Image-text web data:
○ ○ ○ ○

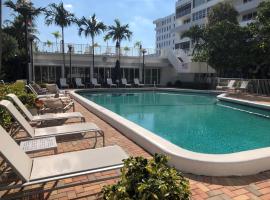 Zdjęcie hotelu: Fort Lauderdale Apartment with splendid view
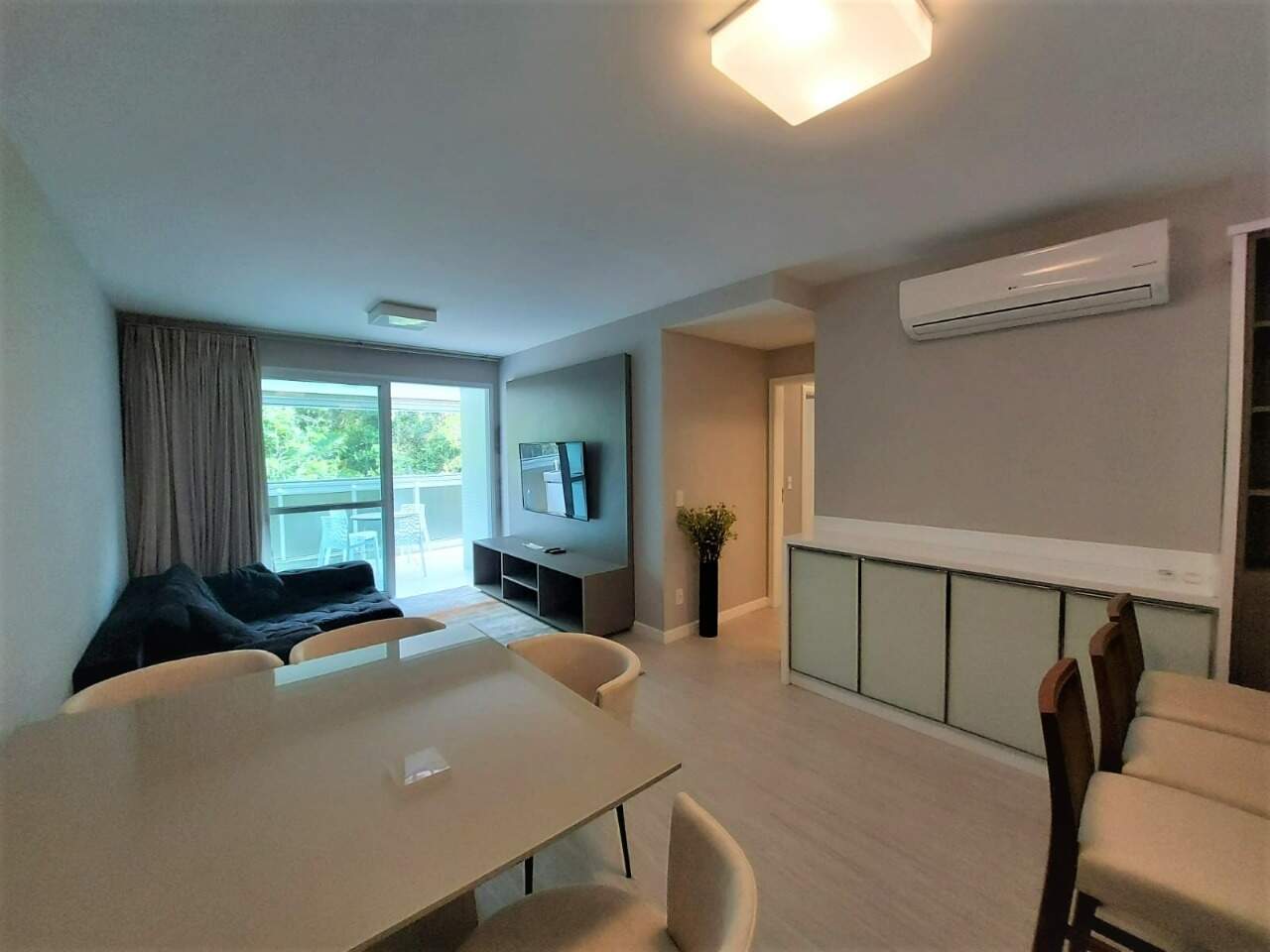 Apartamento para aluguel no Jurere: 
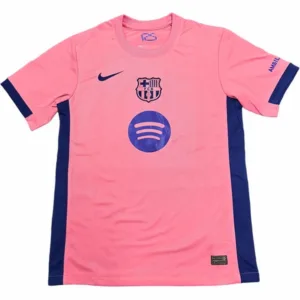 FC Barcelona Camiseta 2025 2026 Especial Rosa - Camiseta Barcelona | escamisetasfutbol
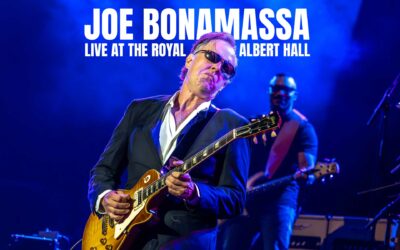 Joe Bonamassa – Royal Albert Hall, London – APR 2024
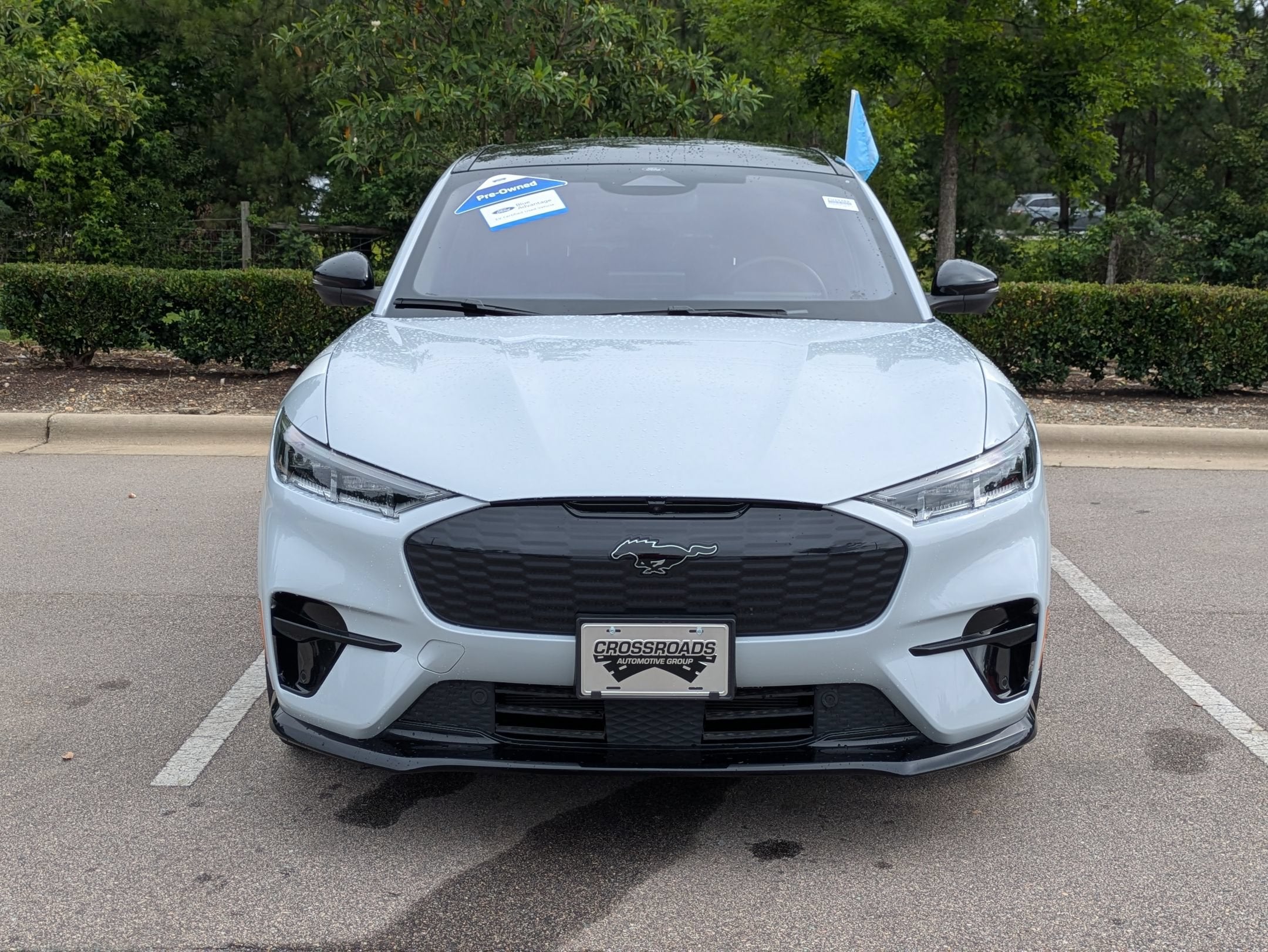 2023 Ford Mustang Mach-E GT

○ ○ ○ ○

Retype every entry word for word, but do not carry over the pictures.

 Zdjęcie hotelu: Fort Lauderdale Apartment with splendid view
 Apartamento para aluguel no Jurere: 
 FC Barcelona Camiseta 2025 2026 Especial Rosa - Camiseta Barcelona | escamisetasfutbol
 Joe Bonamassa – Royal Albert Hall, London – APR 2024
 2023 Ford Mustang Mach-E GT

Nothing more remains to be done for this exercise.